__TASK DETAILS__
What you submit must be an exact copy of the listing below, with no images in it.

__RECORDED INFORMATION__
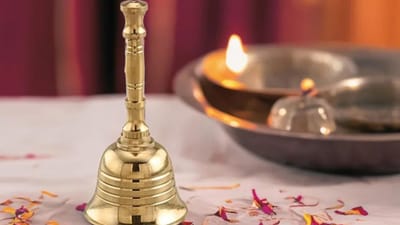 હિન્દુ ધર્મમાં, શંખ અને ઘંટ પૂજા દરમિયાન વગાડવા આવશ્યક છે. મંદિરોમાં ઘણીવાર મોટો ઘંટ હોય છે, જે ભક્તો દેવતાને પ્રાર્થના કરતી વખતે વગાડે છે. તેમજ ઘરમાં આપણે નાની ઘંટડી વગાડીએ છે. સ્કંદ પુરાણ, અગ્નિ પુરાણ અને તંત્ર ગ્રંથોમાં ઘંટનું વર્ણન કરવામાં આવ્યું છે. એવું માનવામાં આવે છે કે ઘંટ કે ઘંટડી વગાડવાના ઘણા ફાયદા છે ચાલો જાણીએ 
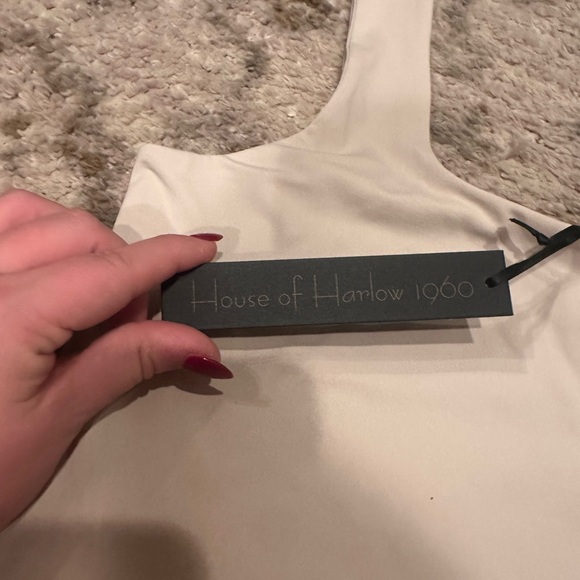 House of Harlow Cream Tank Top - Picture 2 of 4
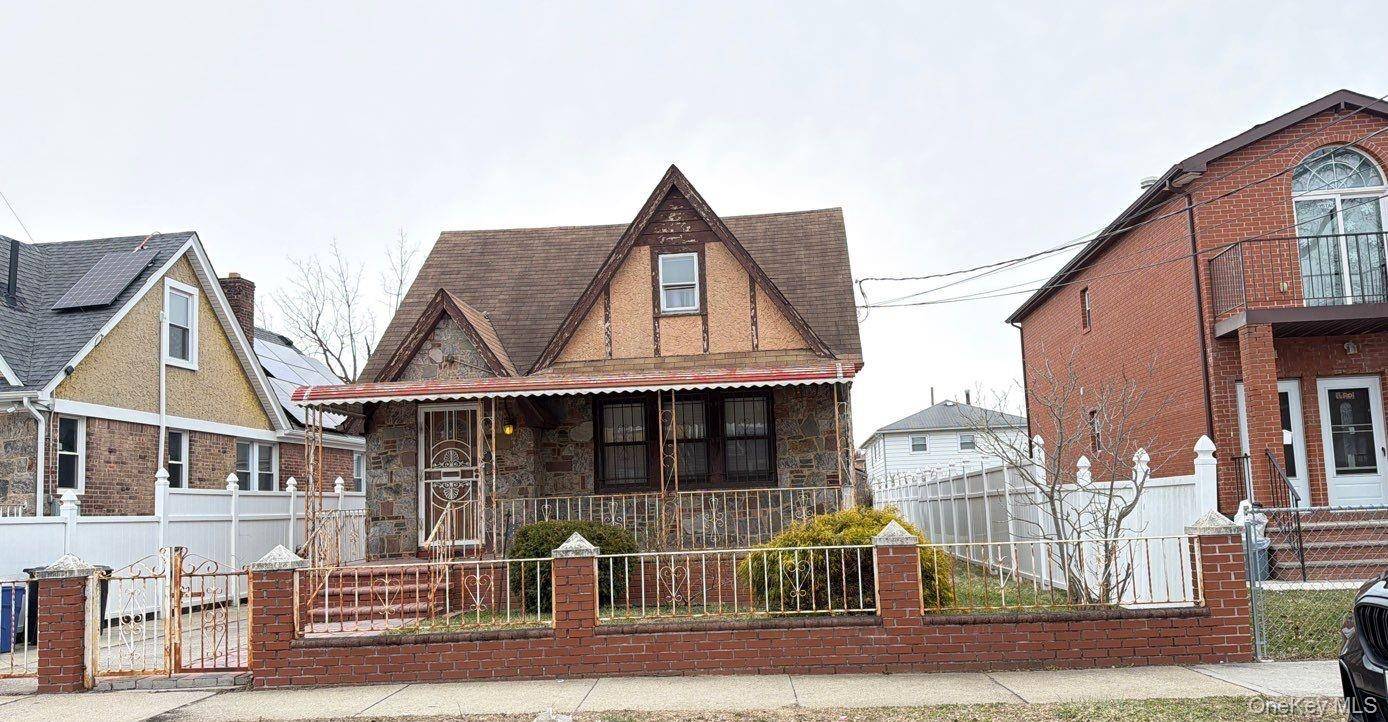 135-15 220th PL, Laurelton, NY 11413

__EXERCISE RESULT__
 હિન્દુ ધર્મમાં, શંખ અને ઘંટ પૂજા દરમિયાન વગાડવા આવશ્યક છે. મંદિરોમાં ઘણીવાર મોટો ઘંટ હોય છે, જે ભક્તો દેવતાને પ્રાર્થના કરતી વખતે વગાડે છે. તેમજ ઘરમાં આપણે નાની ઘંટડી વગાડીએ છે. સ્કંદ પુરાણ, અગ્નિ પુરાણ અને તંત્ર ગ્રંથોમાં ઘંટનું વર્ણન કરવામાં આવ્યું છે. એવું માનવામાં આવે છે કે ઘંટ કે ઘંટડી વગાડવાના ઘણા ફાયદા છે ચાલો જાણીએ 
 House of Harlow Cream Tank Top - Picture 2 of 4
 135-15 220th PL, Laurelton, NY 11413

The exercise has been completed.